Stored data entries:
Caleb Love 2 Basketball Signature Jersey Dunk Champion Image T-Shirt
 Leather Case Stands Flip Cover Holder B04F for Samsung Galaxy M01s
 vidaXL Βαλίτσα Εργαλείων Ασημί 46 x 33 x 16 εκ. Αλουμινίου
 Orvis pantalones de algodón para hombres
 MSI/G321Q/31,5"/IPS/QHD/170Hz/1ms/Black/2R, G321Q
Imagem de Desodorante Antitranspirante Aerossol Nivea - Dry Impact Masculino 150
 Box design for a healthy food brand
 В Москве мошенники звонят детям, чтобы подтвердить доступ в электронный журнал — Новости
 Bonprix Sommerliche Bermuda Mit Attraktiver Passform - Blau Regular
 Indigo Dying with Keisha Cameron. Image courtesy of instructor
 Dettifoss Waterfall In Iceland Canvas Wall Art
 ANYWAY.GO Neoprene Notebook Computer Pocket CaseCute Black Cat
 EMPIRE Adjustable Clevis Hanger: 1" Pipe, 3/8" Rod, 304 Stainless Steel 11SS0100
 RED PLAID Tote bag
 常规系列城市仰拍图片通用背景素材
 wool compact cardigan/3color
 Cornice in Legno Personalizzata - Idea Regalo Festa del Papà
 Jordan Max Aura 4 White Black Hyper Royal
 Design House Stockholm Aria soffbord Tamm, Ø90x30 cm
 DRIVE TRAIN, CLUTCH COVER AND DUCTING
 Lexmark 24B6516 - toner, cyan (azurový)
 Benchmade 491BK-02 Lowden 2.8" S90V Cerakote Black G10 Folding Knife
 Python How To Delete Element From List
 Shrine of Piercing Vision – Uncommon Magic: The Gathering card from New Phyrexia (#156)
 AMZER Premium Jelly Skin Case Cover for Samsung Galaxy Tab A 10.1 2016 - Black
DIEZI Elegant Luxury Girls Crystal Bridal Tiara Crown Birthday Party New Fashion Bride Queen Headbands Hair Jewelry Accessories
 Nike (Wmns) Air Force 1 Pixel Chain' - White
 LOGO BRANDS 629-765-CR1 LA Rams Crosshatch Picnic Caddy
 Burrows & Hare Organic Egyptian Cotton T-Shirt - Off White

Exercise details: Go through the records above and repeat each one exactly.

The answer:
Caleb Love 2 Basketball Signature Jersey Dunk Champion Image T-Shirt
 Leather Case Stands Flip Cover Holder B04F for Samsung Galaxy M01s
 vidaXL Βαλίτσα Εργαλείων Ασημί 46 x 33 x 16 εκ. Αλουμινίου
 Orvis pantalones de algodón para hombres
 MSI/G321Q/31,5"/IPS/QHD/170Hz/1ms/Black/2R, G321Q
Imagem de Desodorante Antitranspirante Aerossol Nivea - Dry Impact Masculino 150
 Box design for a healthy food brand
 В Москве мошенники звонят детям, чтобы подтвердить доступ в электронный журнал — Новости
 Bonprix Sommerliche Bermuda Mit Attraktiver Passform - Blau Regular
 Indigo Dying with Keisha Cameron. Image courtesy of instructor
 Dettifoss Waterfall In Iceland Canvas Wall Art
 ANYWAY.GO Neoprene Notebook Computer Pocket CaseCute Black Cat
 EMPIRE Adjustable Clevis Hanger: 1" Pipe, 3/8" Rod, 304 Stainless Steel 11SS0100
 RED PLAID Tote bag
 常规系列城市仰拍图片通用背景素材
 wool compact cardigan/3color
 Cornice in Legno Personalizzata - Idea Regalo Festa del Papà
 Jordan Max Aura 4 White Black Hyper Royal
 Design House Stockholm Aria soffbord Tamm, Ø90x30 cm
 DRIVE TRAIN, CLUTCH COVER AND DUCTING
 Lexmark 24B6516 - toner, cyan (azurový)
 Benchmade 491BK-02 Lowden 2.8" S90V Cerakote Black G10 Folding Knife
 Python How To Delete Element From List
 Shrine of Piercing Vision – Uncommon Magic: The Gathering card from New Phyrexia (#156)
 AMZER Premium Jelly Skin Case Cover for Samsung Galaxy Tab A 10.1 2016 - Black
DIEZI Elegant Luxury Girls Crystal Bridal Tiara Crown Birthday Party New Fashion Bride Queen Headbands Hair Jewelry Accessories
 Nike (Wmns) Air Force 1 Pixel Chain' - White
 LOGO BRANDS 629-765-CR1 LA Rams Crosshatch Picnic Caddy
 Burrows & Hare Organic Egyptian Cotton T-Shirt - Off White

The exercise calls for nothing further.